图 26.17 散点图,从左到右依次展现了高相关性、低相关性、无相关性。#

图 26.18 利用最小二乘法求解最佳拟合直线。具有相关性的数据(左、中)将能得到较好拟合,但可能会受到离群值的影响(右)。#
散点图的一个扩展是**气泡图 (Bubble Chart) **,它将散点改成具有大小或颜色的圆圈,利用这一新增的视觉通道表达第三个维度。

图 26.19 带颜色的散点图:利用颜色编码“性别”这一信息维度。#
通过将散点图排列成矩阵,散点图也可用于展示更高维度的数据。如图 26.20所示,将高维数据的每个维度分别分配给各行和各列,得到一个方阵,方阵的每个元素即为取出行列的对应维度的数据绘制出的标准散点图。为避免重复绘制扰乱视线,可以只绘制方阵的上三角部分。

图 26.20 利用散点图矩阵展示高维数据,并通过观察特定散点图或整行/列散点图中的散点分布形态得到维度之间的相关性(绿色方框)。#
条形图(bar chart):常被用于离散型或分类型数据(如不同城市、产品、月份等)之间的数值比较,利用每个类别的矩形条的长度标识对应的数据值。一般矩形条的长边会被纵向摆放(类别被排列在横轴),这类条形图也被称为柱状图。在类别较多或类名过长时,矩形条也可以被横向摆放(类别被排列在纵轴),如图 26.21所示,这让条形图更加易读。
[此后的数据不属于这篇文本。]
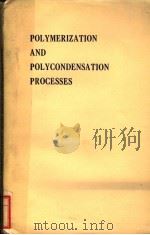POLYMERIZATION AND POLYCONDENSATION PROCESSES PDF电子版封面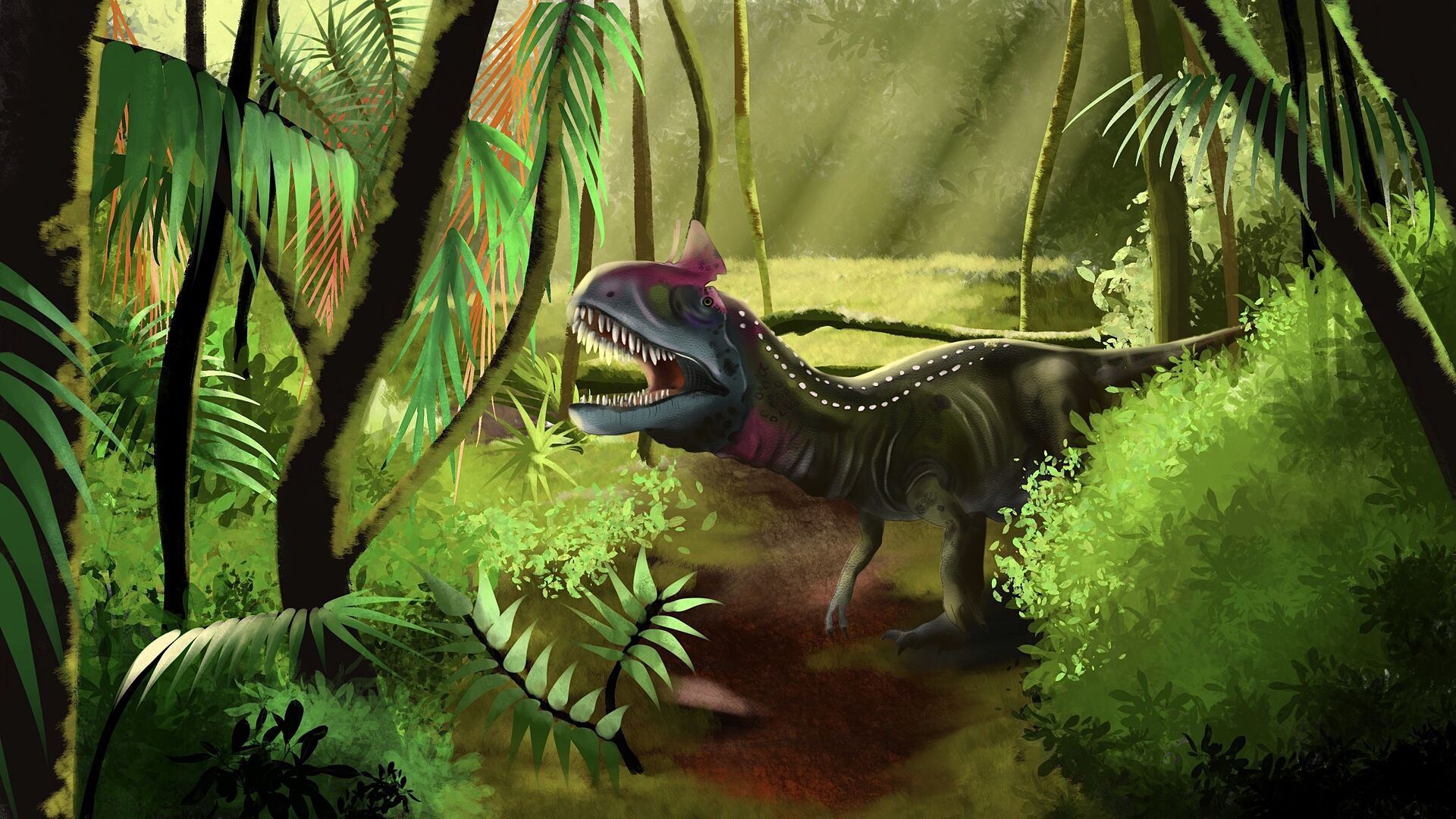 Puzzlopedia | Puzzle Cryolophosaurus (Jurassic)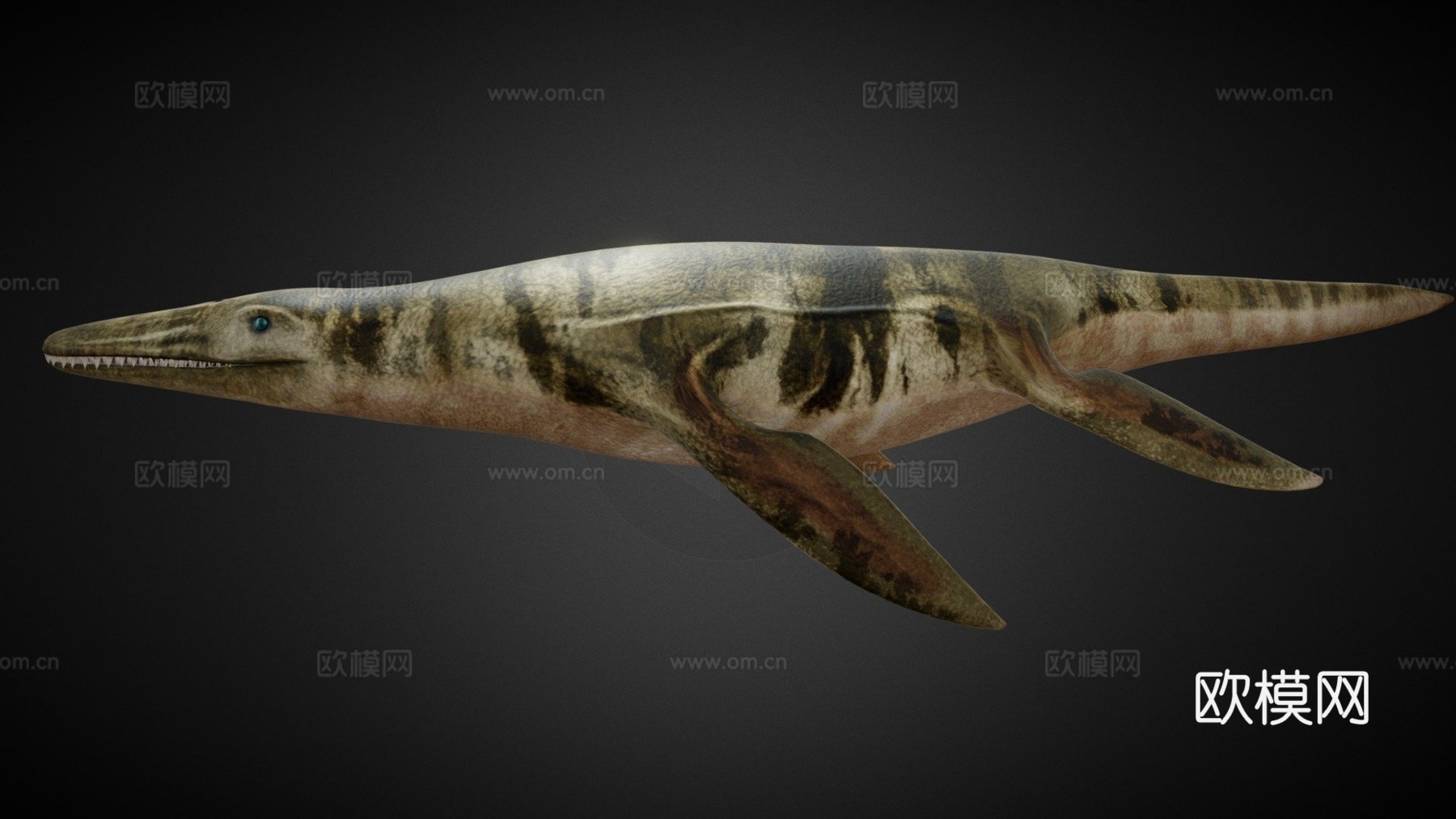 海洋蛇颈龙沧龙3d模型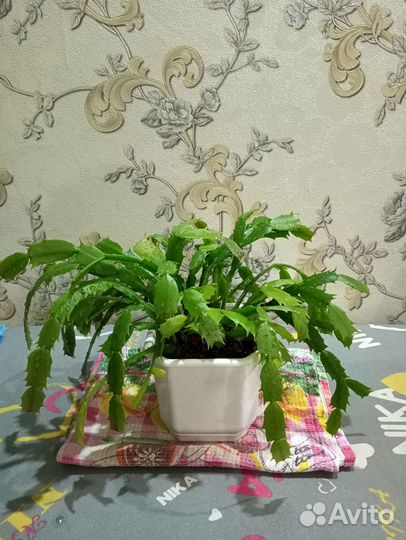 Декабрист розовый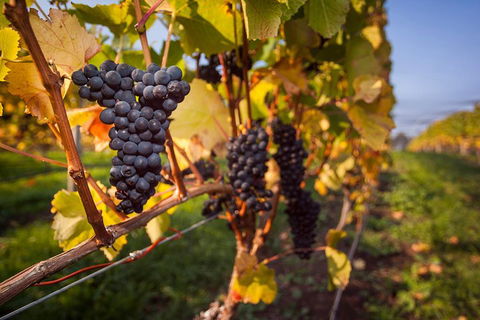 Half Day Tamar Valley Wine Tour - Accommodation BNB 1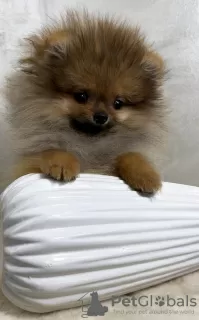 Photo №4. I will sell pomeranian in the city of Belgrade.  - price - Is free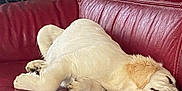 Snoop participe au concours pour gagner de l'argent avec cette photo : dog, puppy, sleeping, couch, red_leather, indoor, pet, fur, resting, cozy, animal, canine, relaxation, cute, home, comfort, young_dog, laying_down, domestic_animal, fluffy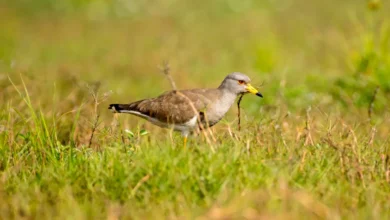 Grey-headed Lapwings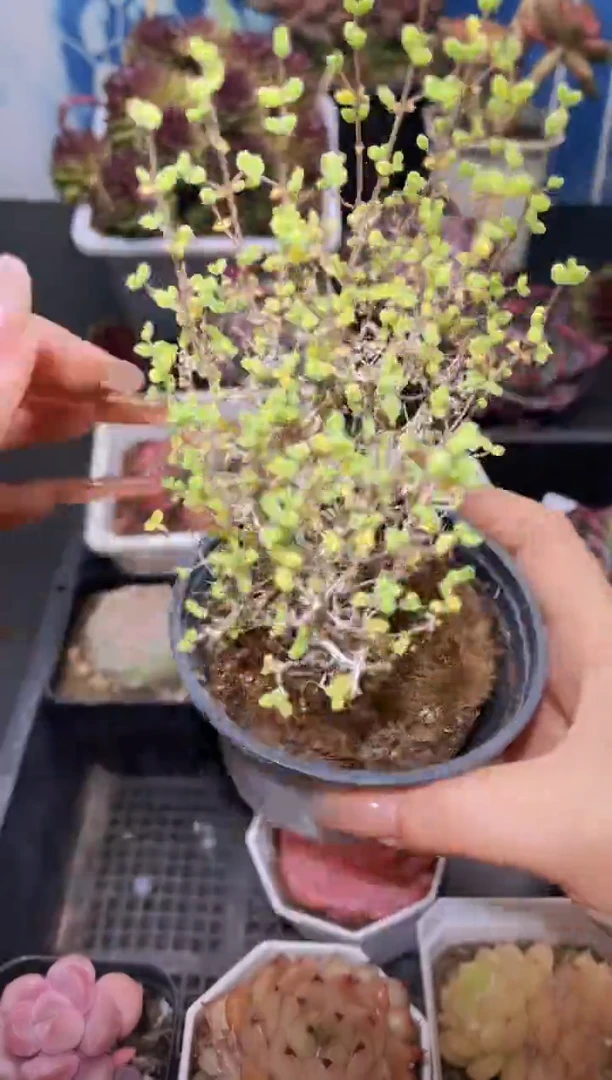 【闪购商品】359枝干番杏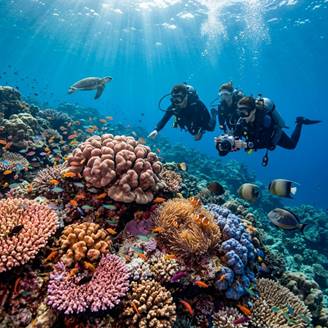 Perluas Wawasan Lewat Aksi Konservasi Lingkungan di Tidung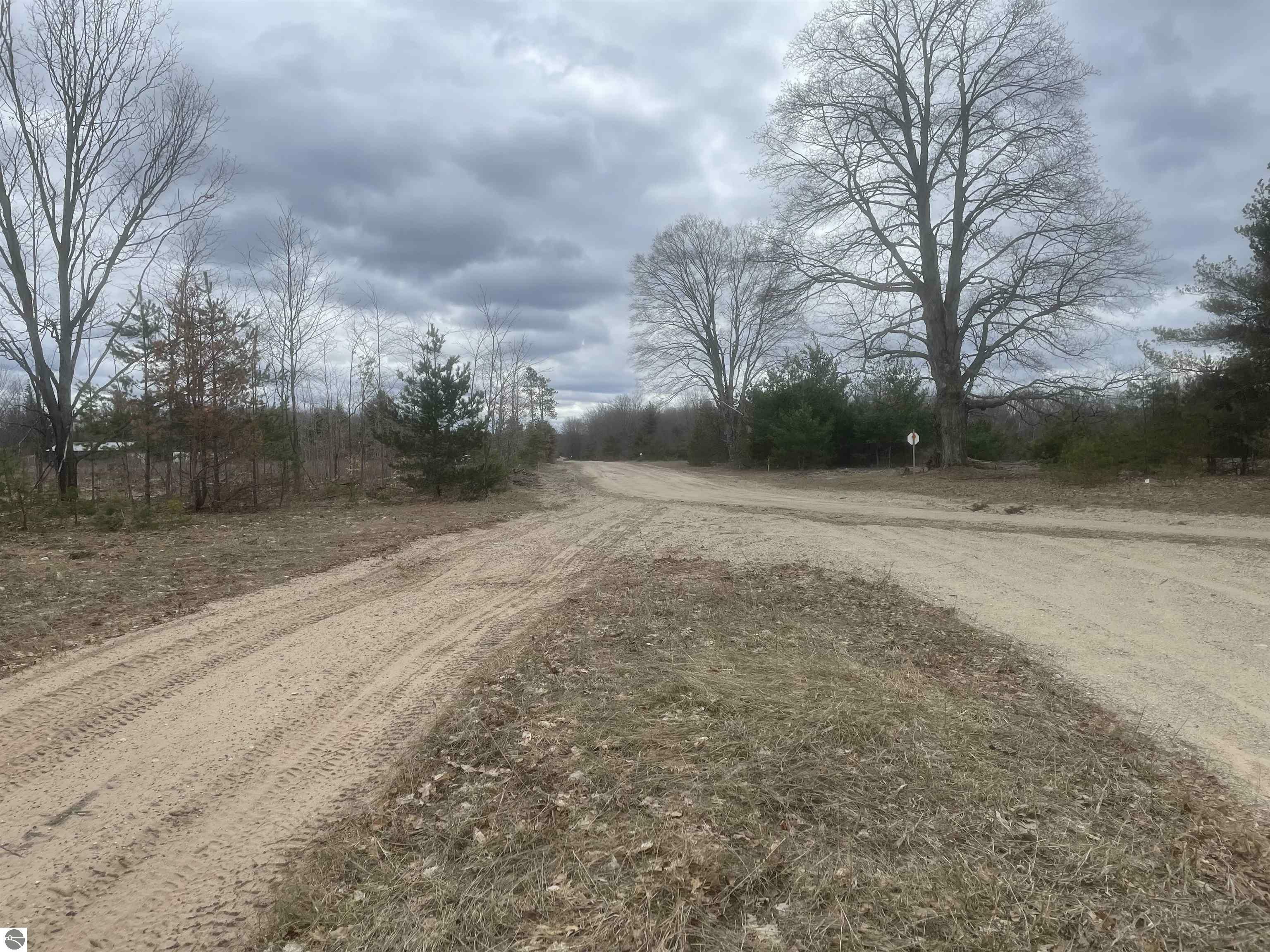 Carmean Road  Honor MI 49640 photo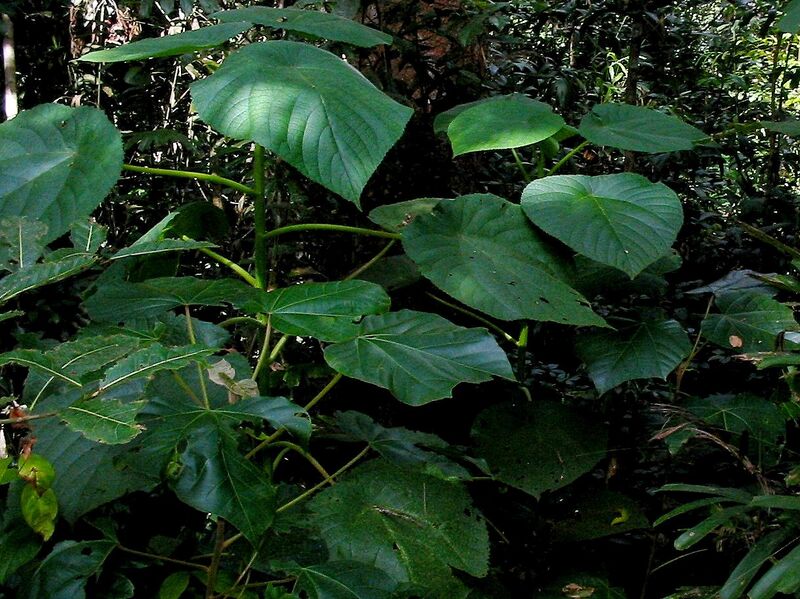 File:Stinging tree.JPG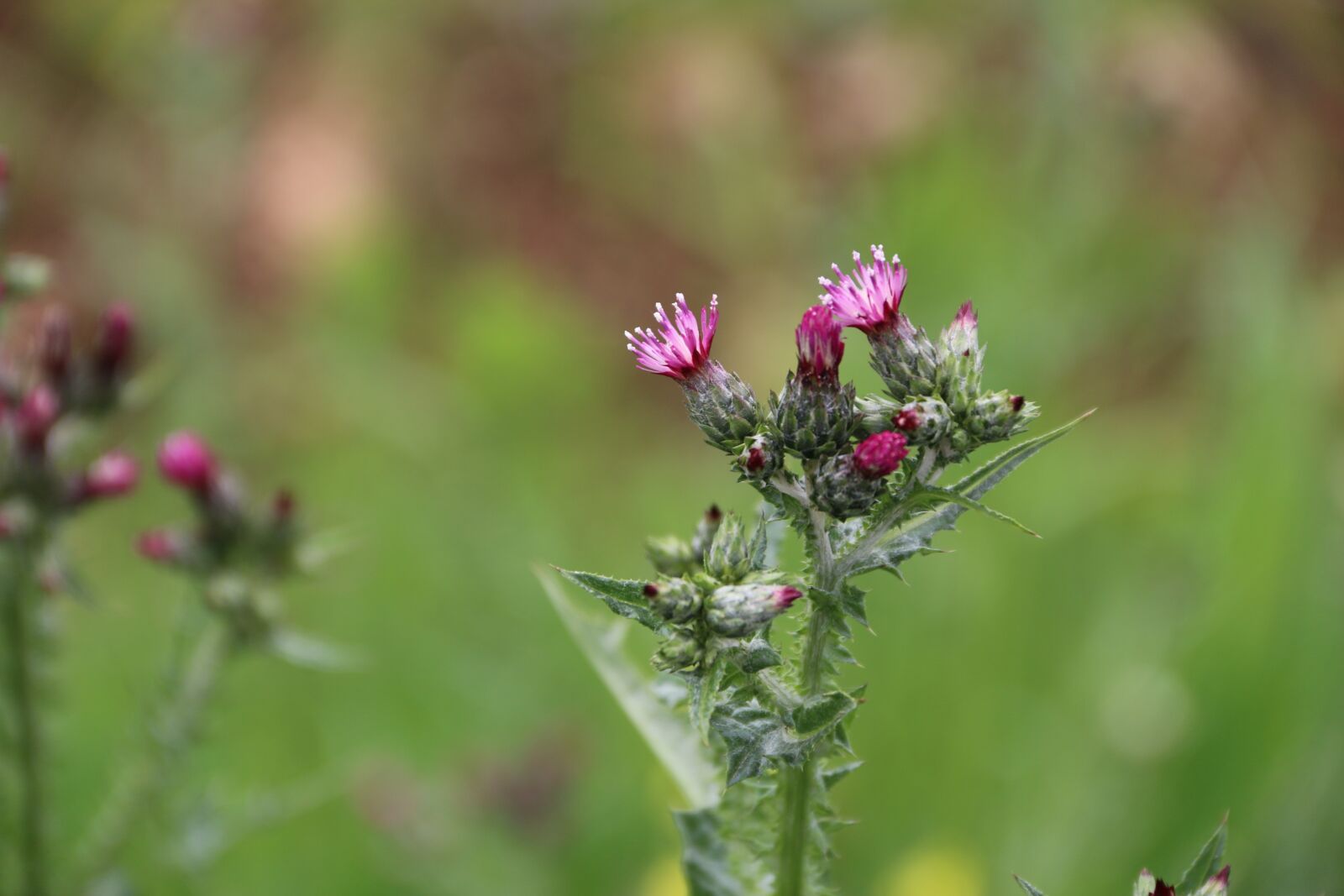Canon EF-S 18-135mm F3.5-5.6 IS sample photo. Pink, purple, flower photography
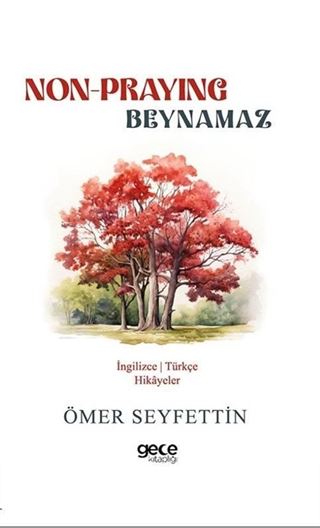 Non-Praying - Beynamaz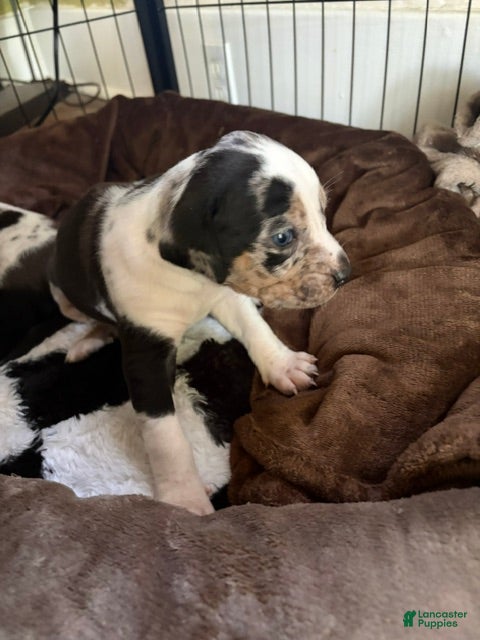 Catahoula Leopard Dog dogs Chief - Ad 6
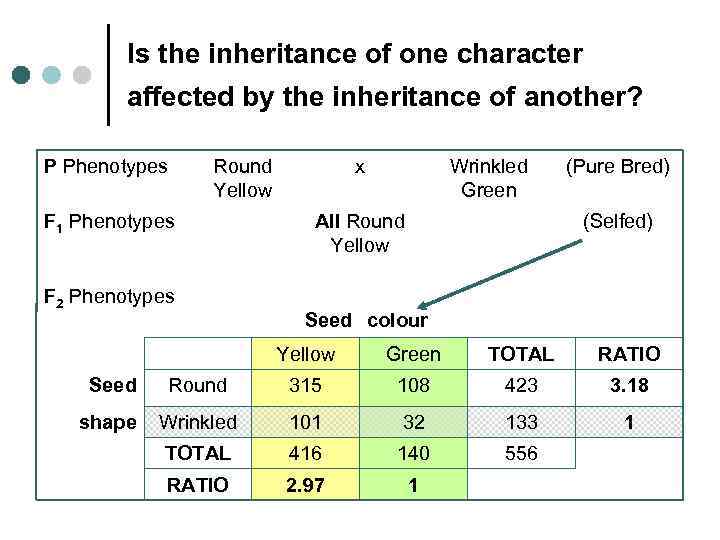 Is the inheritance of one character affected by the inheritance of another? P Phenotypes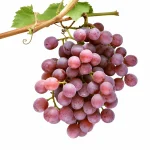 GRAPES RED PLANT - Image 2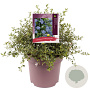 Ceanothus thyrsiflorus repens 35-40 cm 10L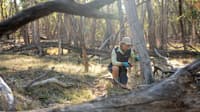 A weeding contractor removes a thistle at Tarcutta Hills Reserve, Wiradjuri Country, New South Wales. By Grassland Films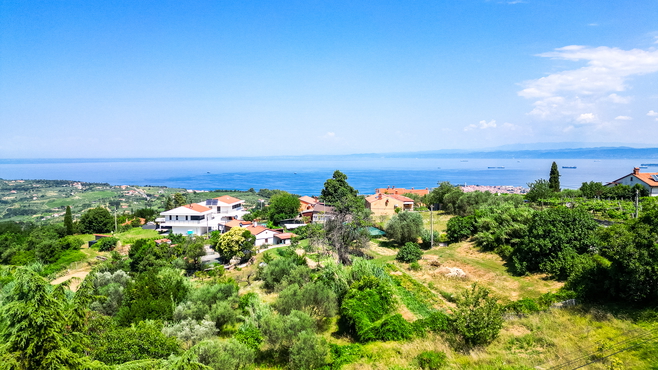 Lokacija: Obalno - kraška, Izola, Šared
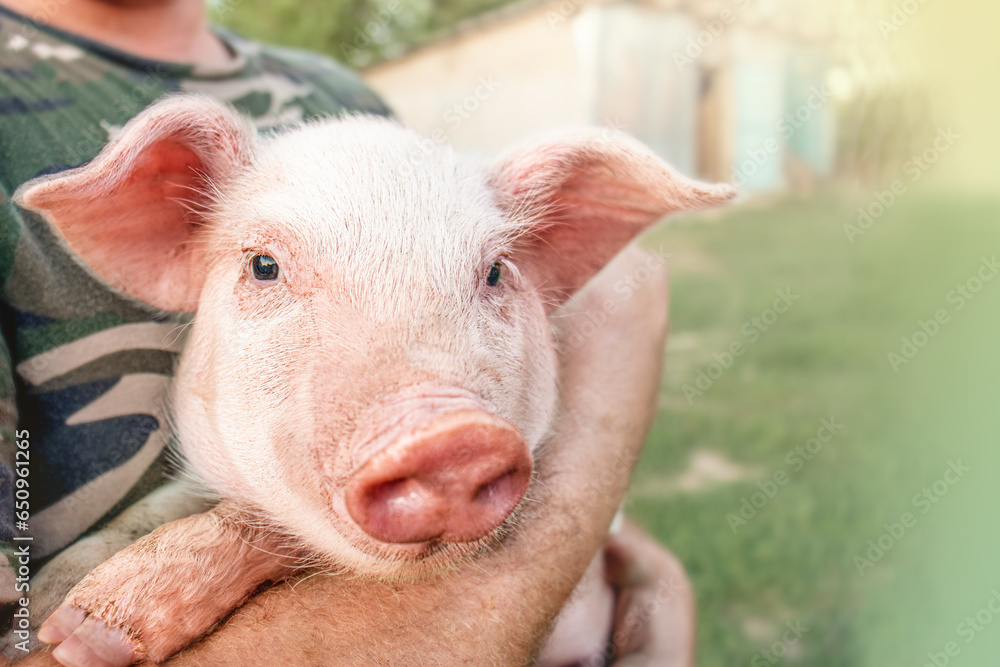 Fototapeta premium farmer holds a small piglet in his arms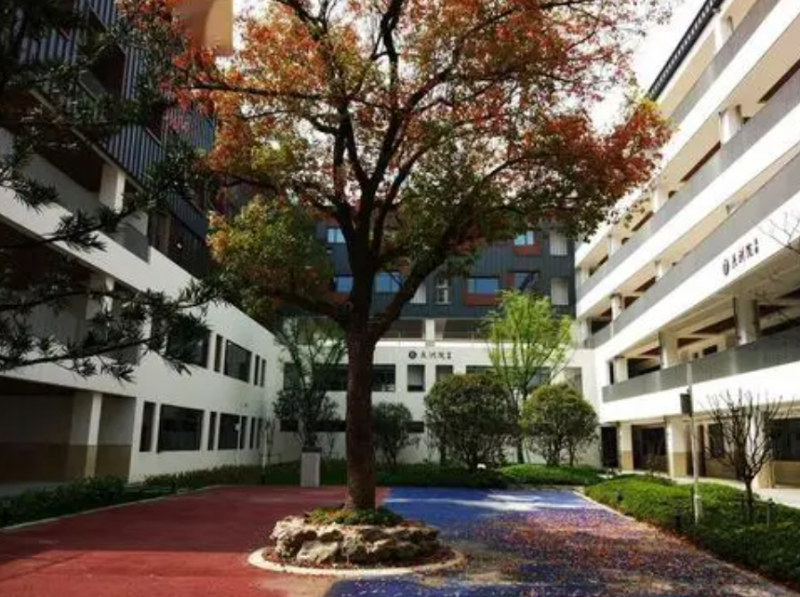 2023苏州大学附属中学招生计划 招生人数是多少(附要求、条件、对象)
图 26.21 世界人口数量条形图。 ©Apache ECharts#
直方图(histogram):是一类特殊的条形图,被用于展示数据的分布情况。如图 26.22所示,它将数据分为若干个连续且不重叠的区间(bins),并通过柱形的高度表示每个区间内数据点的数量。直方图常用于分析数据的分布特征,例如查看数据的集中趋势、离散程度以及是否存在偏态或多峰分布。

图 26.22 柱状直方图。#
箱形图(box plot):通常用于展示数据的统计方差,如图 26.23所示,显示数据的四分位数(Quartile)、中位数及最大值、最小值,以及可能的离群值。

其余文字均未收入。